◆ DESCRIPTION OF THE TASK: Go through the records, and copy each line in which the string "from" is present.

━━━━━ SUPPLIED DATA ━━━━━

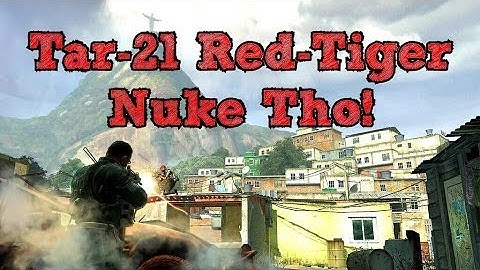 MW2 :: Tar21 Red Tiger NUKE Tho!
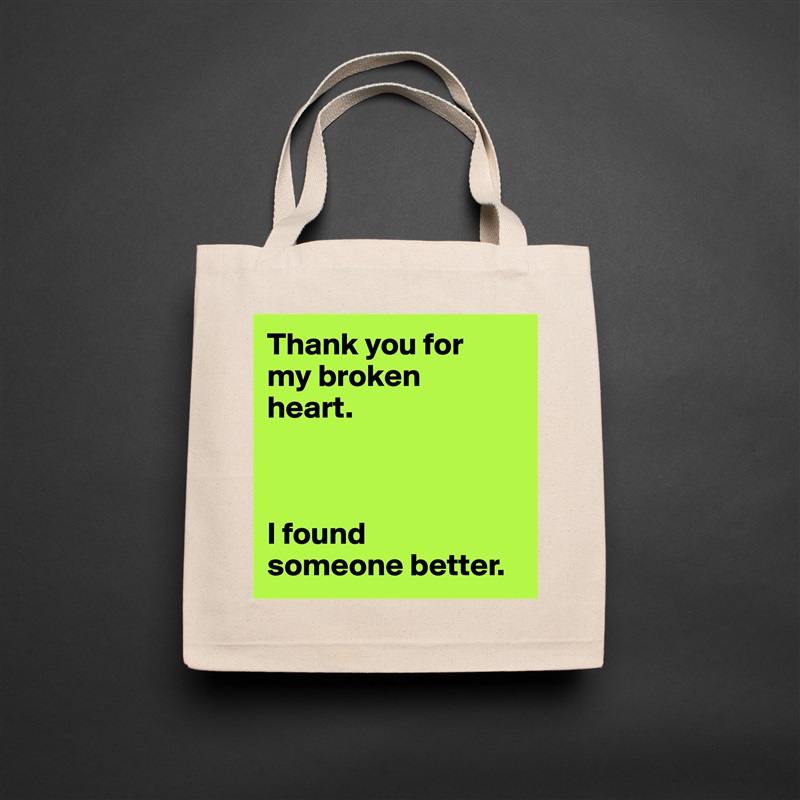 Thank you for 
my broken 
heart.



I found 
someone better. Natural Eco Cotton Canvas Tote 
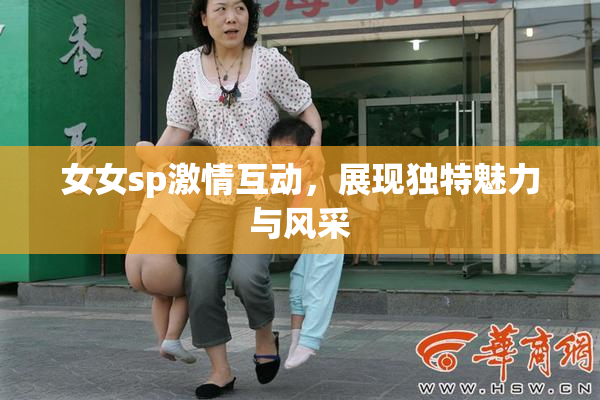 女女sp激情互动，展现独特魅力与风采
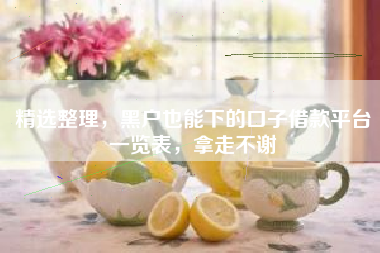 精选整理，黑户也能下的口子借款平台一览表，拿走不谢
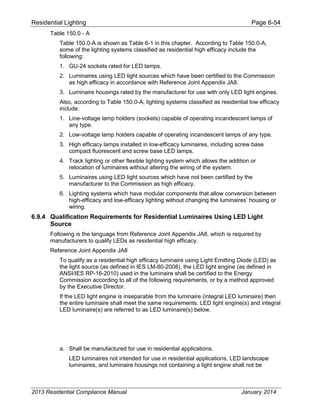 Residential Lighting Page 6-54
Table 150.0 - A
Table 150.0-A is shown as Table 6-1 in this chapter. According to Table 150.0-A,
some of the lighting systems classified as residential high efficacy include the
following:
1. GU-24 sockets rated for LED lamps.
2. Luminaires using LED light sources which have been certified to the Commission
as high efficacy in accordance with Reference Joint Appendix JA8.
3. Luminaire housings rated by the manufacturer for use with only LED light engines.
Also, according to Table 150.0-A, lighting systems classified as residential low efficacy
include:
1. Line-voltage lamp holders (sockets) capable of operating incandescent lamps of
any type.
2. Low-voltage lamp holders capable of operating incandescent lamps of any type.
3. High efficacy lamps installed in low-efficacy luminaires, including screw base
compact fluorescent and screw base LED lamps.
4. Track lighting or other flexible lighting system which allows the addition or
relocation of luminaires without altering the wiring of the system.
5. Luminaires using LED light sources which have not been certified by the
manufacturer to the Commission as high efficacy.
6. Lighting systems which have modular components that allow conversion between
high-efficacy and low-efficacy lighting without changing the luminaires’ housing or
wiring.
6.9.4 Qualification Requirements for Residential Luminaires Using LED Light
Source
Following is the language from Reference Joint Appendix JA8, which is required by
manufacturers to qualify LEDs as residential high efficacy.
Reference Joint Appendix JA8
To qualify as a residential high efficacy luminaire using Light Emitting Diode (LED) as
the light source (as defined in IES LM-80-2008), the LED light engine (as defined in
ANSI/IES RP-16-2010) used in the luminaire shall be certified to the Energy
Commission according to all of the following requirements, or by a method approved
by the Executive Director.
If the LED light engine is inseparable from the luminaire (integral LED luminaire) then
the entire luminaire shall meet the same requirements. LED light engine(s) and integral
LED luminaire(s) are referred to as LED luminaire(s) below.
a. Shall be manufactured for use in residential applications.
LED luminaires not intended for use in residential applications, LED landscape
luminaires, and luminaire housings not containing a light engine shall not be
2013 Residential Compliance Manual January 2014
 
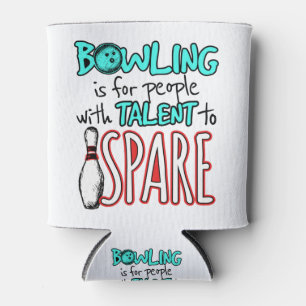 Bowling ist für Menschen mit Talent, sich zu vergn Dosenkühler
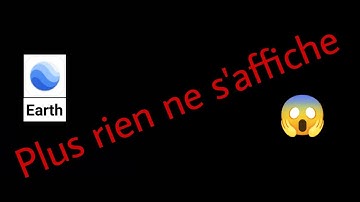 Problème Google Earth : écran noir : Que faire ?
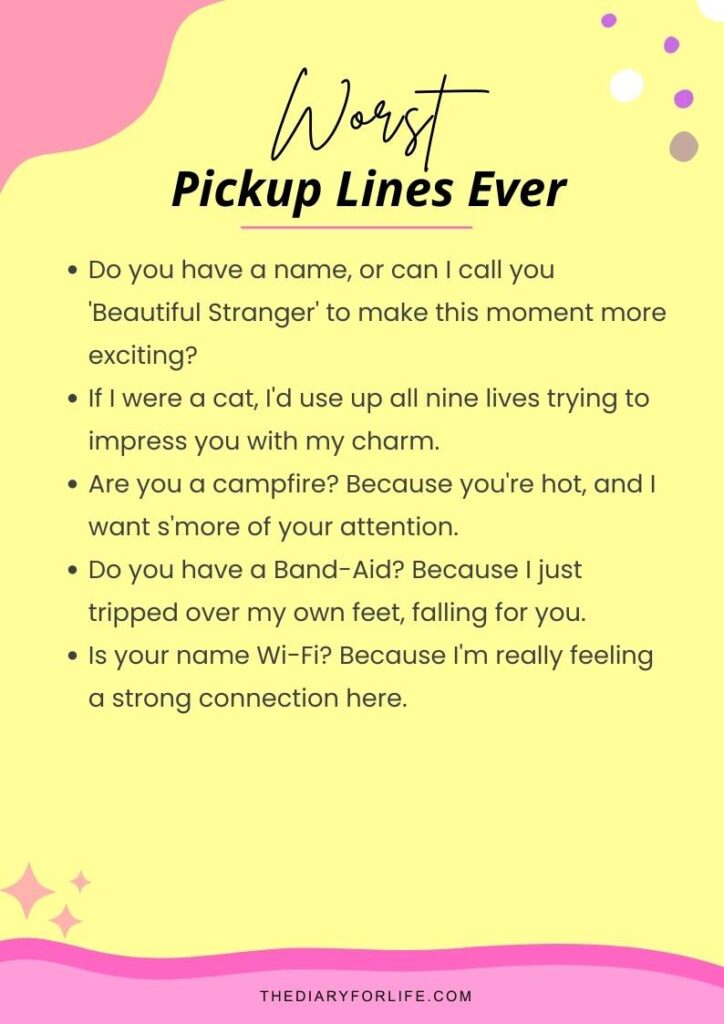 Worst Pickup Lines Ever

━━━━━

◆ ANSWER SPACE:
Following is the language from Reference Joint Appendix JA8, which is required by
If the LED light engine is inseparable from the luminaire (integral LED luminaire) then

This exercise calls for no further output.